=== Section Start ===

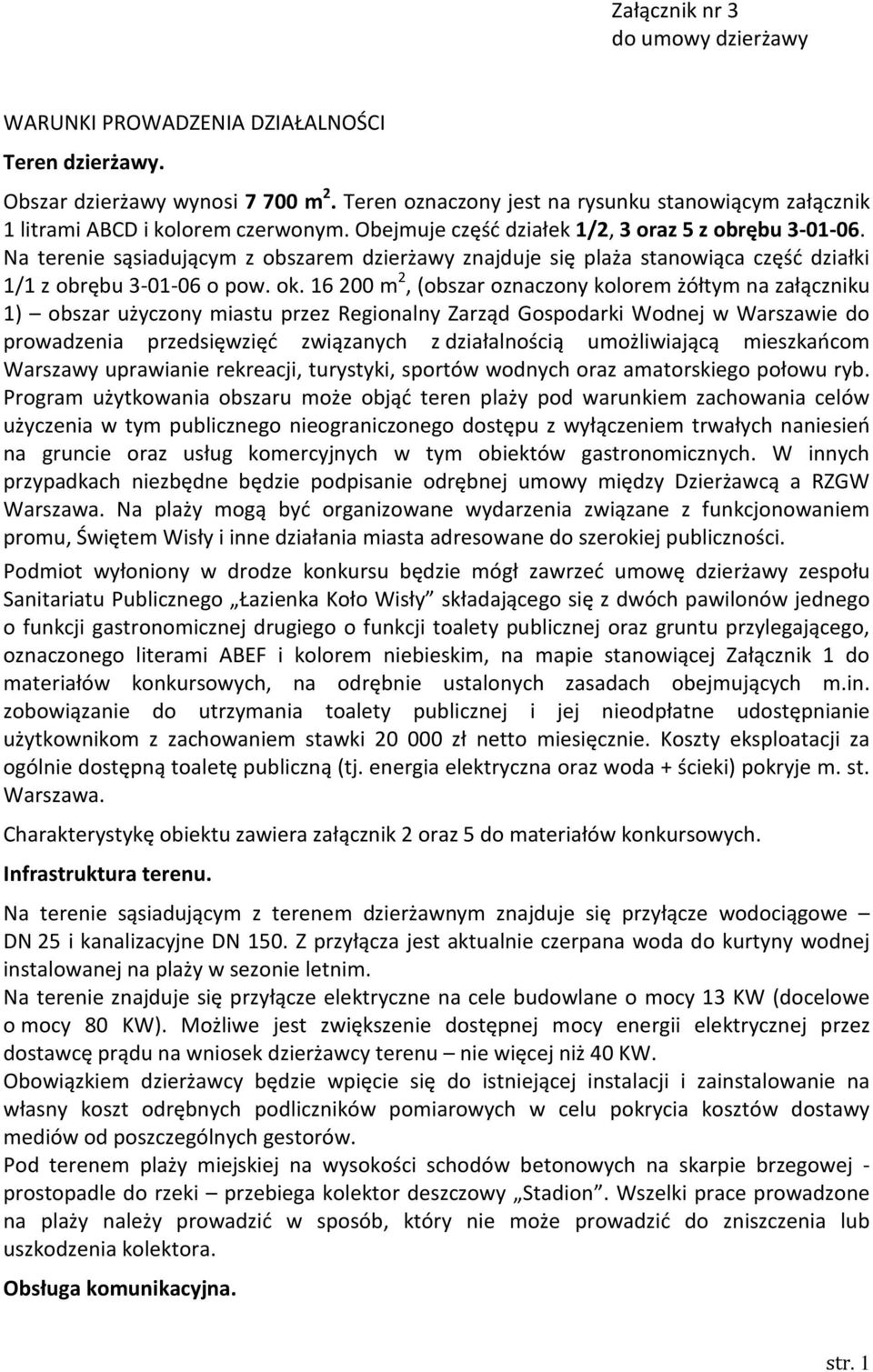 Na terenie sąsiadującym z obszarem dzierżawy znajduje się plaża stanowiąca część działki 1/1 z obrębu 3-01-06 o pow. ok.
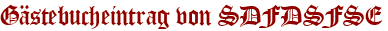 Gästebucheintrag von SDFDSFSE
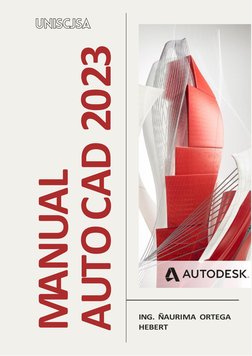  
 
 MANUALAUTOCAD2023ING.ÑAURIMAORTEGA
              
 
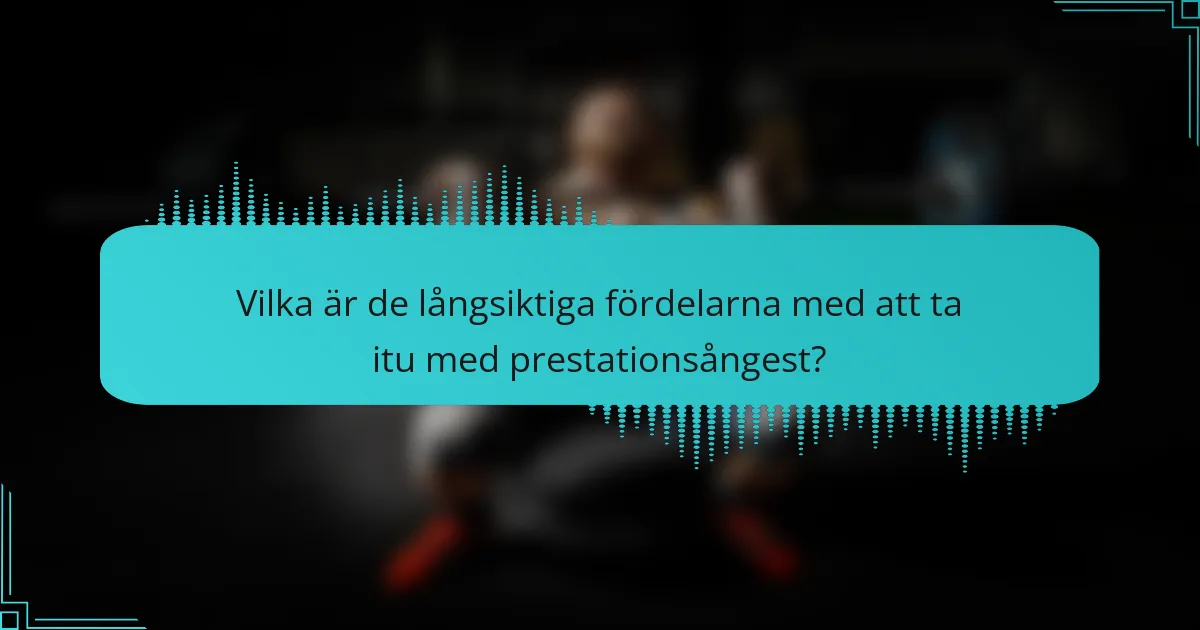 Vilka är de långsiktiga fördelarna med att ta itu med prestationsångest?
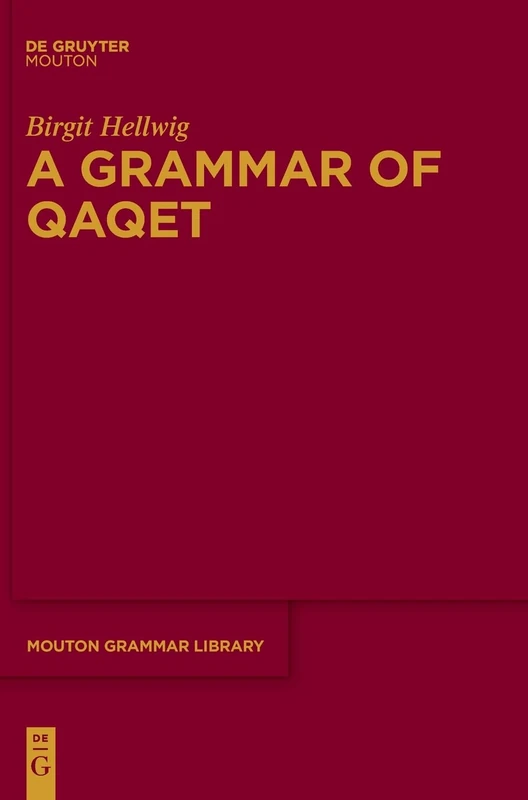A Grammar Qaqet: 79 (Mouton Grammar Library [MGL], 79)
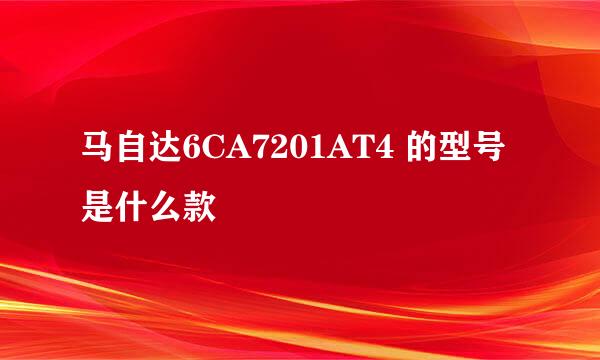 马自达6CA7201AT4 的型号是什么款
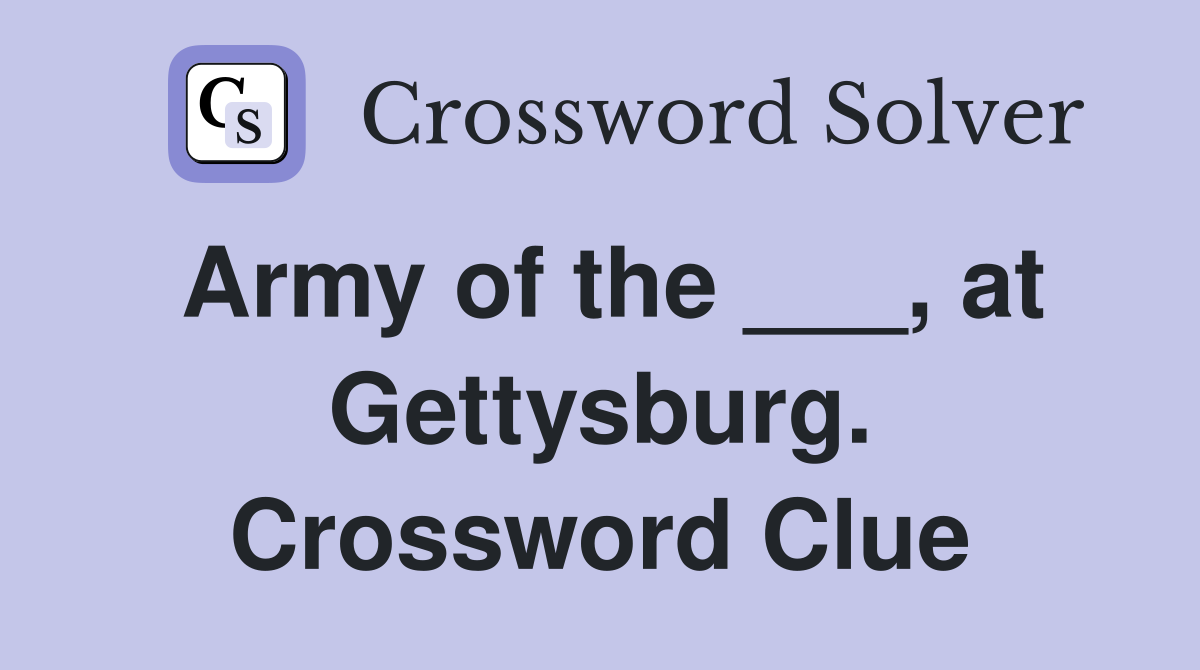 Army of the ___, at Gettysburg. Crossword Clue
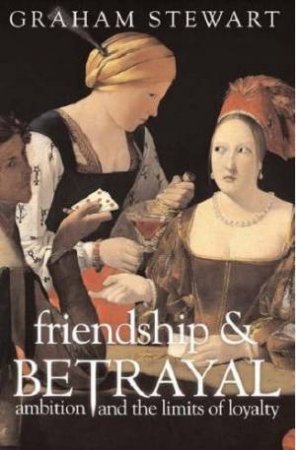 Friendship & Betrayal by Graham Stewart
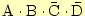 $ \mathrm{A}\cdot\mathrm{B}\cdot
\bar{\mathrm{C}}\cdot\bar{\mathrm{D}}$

=== Section End ===

> Task details: Please print the records above word for word, leaving every image out.

> Exercise response:
 Na terenie sąsiadującym z obszarem dzierżawy znajduje się plaża stanowiąca część działki 1/1 z obrębu 3-01-06 o pow. ok.
 Gästebucheintrag von SDFDSFSE
 
 MANUALAUTOCAD2023ING.ÑAURIMAORTEGA
              
 
 Vilka är de långsiktiga fördelarna med att ta itu med prestationsångest?
A Grammar Qaqet: 79 (Mouton Grammar Library [MGL], 79)
 马自达6CA7201AT4 的型号是什么款
 Army of the ___, at Gettysburg. Crossword Clue
 Friendship & Betrayal by Graham Stewart
 $ \mathrm{A}\cdot\mathrm{B}\cdot
\bar{\mathrm{C}}\cdot\bar{\mathrm{D}}$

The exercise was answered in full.